With our food systems on the verge of collapse, its the plutocrats v life on Earth
Climate breakdown and crop losses threaten our survival, but the ultra-rich find ever more creative ways to maintain the status quo
George Monbiot
The Guardian, July 16, 2023
According to Googles news search, the media has run more than 10,000 stories this year about Phillip Schofield, the British television presenter who resigned over an affair with a younger colleague. Google also records a global total of five news stories about a scientific paper published last week, showing that the chances of simultaneous crop losses in the worlds major growing regions, caused by climate breakdown, appear to have been dangerously underestimated. In mediaworld, a place that should never be confused with the real world, celebrity gossip is thousands of times more important than existential risk.
The new paper explores the impacts on crop production when meanders in the jet stream (Rossby waves) become stuck.
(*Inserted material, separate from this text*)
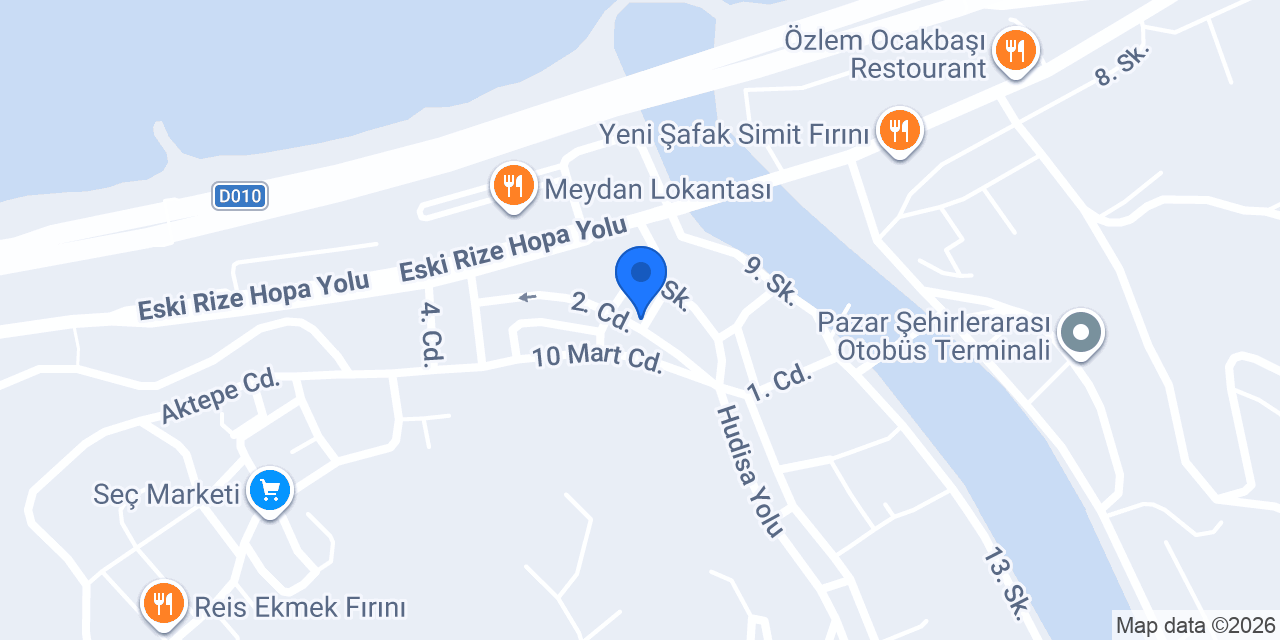 Pazar Av Market konumu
Stuck patterns cause extreme weather. To put it crudely, if you live in the northern hemisphere and a kink in the jet stream (the band of strong winds a few miles above the Earths surface at mid-latitudes) is stuck to the south of you, your weather is likely to be cold and wet. If its stuck to the north of you, youre likely to suffer escalating heat and drought.
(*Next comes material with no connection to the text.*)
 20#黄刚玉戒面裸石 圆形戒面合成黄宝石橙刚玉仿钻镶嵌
In both cases, the stuck weather, exacerbated by global heating, affects crops. With certain meander patterns, several of the northern hemispheres major growing regions such as western North America, Europe, India and east Asia could be exposed to extreme weather at the same time, hammering their harvests. We rely for our subsistence on global smoothing: if theres a bad harvest in one region, its likely to be counteracted by good harvests elsewhere. Even small crop losses occurring simultaneously present what the paper calls systemic risk.
SNIP...
So why isnt this all over the front pages? Why, when governments know were facing existential risk, do they fail to act? Why is the Biden administration allowing enough oil and gas drilling to bust the US carbon budget five times over? Why is the UK government scrapping the £11.6bn international climate fund it promised? Why has Labour postponed its £28bn green prosperity fund, while Keir Starmer is reported to have remarked last week I hate tree huggers (a pejorative term for environmental campaigners)? Why are the Sun, the Mail, the Telegraph and the Express competing to attack every green solution that might help to prevent climate chaos? Why does everything else seem more important?
The underlying problem isnt hard to grasp: governments have failed to break what the economist Thomas Piketty calls the patrimonial spiral of wealth accumulation. As a result, the rich have become ever richer, a process that seems to be accelerating. In 2021, for example, the ultra-rich captured almost two-thirds of all the worlds new wealth. Their share of national income in the UK has almost doubled since 1980, while in the US its higher than it was in 1820.